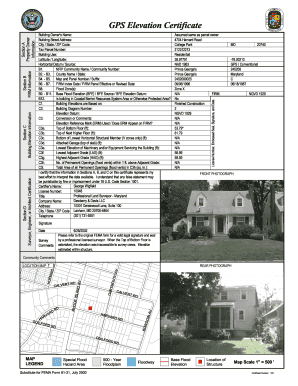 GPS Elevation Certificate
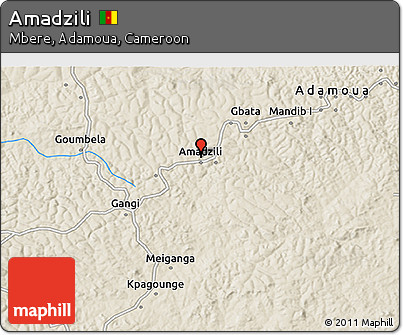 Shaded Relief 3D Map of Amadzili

******

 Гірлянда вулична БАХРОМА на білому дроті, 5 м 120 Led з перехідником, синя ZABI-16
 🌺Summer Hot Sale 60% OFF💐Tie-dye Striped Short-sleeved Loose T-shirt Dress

******

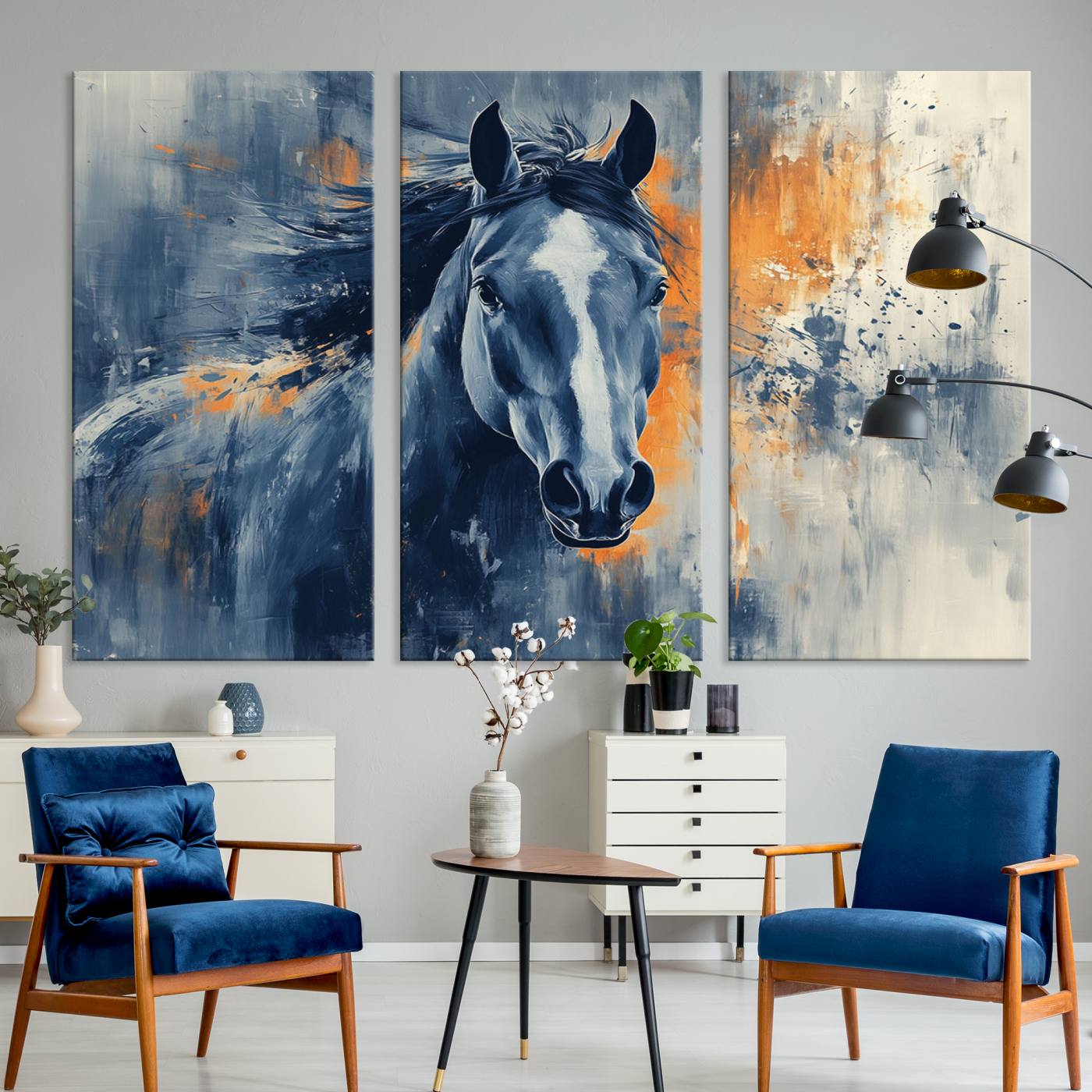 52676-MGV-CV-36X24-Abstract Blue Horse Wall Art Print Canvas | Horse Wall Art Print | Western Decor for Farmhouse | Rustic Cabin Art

******

• [Task details] Copy exactly the part of the material above that opens with the line containing "GPS Elevation Certificate" and closes with the line containing "Shaded Relief 3D Map of Amadzili", ends included. Drop the images.

• [Response box]
 GPS Elevation Certificate
 Shaded Relief 3D Map of Amadzili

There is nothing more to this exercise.